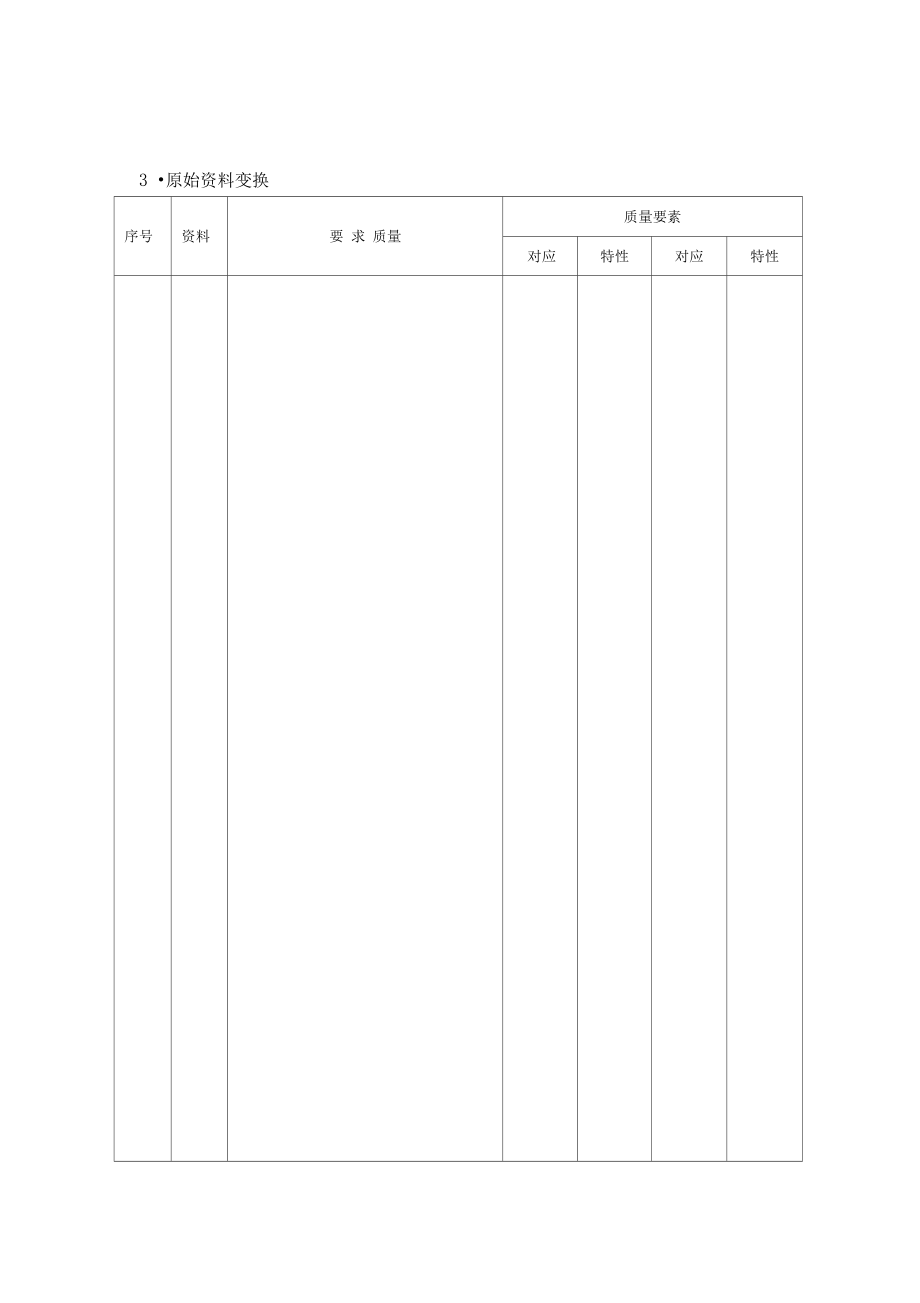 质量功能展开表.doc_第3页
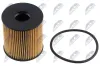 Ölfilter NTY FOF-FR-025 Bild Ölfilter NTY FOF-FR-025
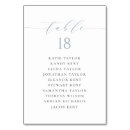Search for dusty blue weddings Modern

* WHAT TO DO
Reproduce, word for word, the lines from the one containing "Ölfilter NTY FOF-FR-025 Bild" to the end of the material, both ends included. No picture is copied.

* FINAL ANSWER
 Ölfilter NTY FOF-FR-025 Bild Ölfilter NTY FOF-FR-025
Search for dusty blue weddings Modern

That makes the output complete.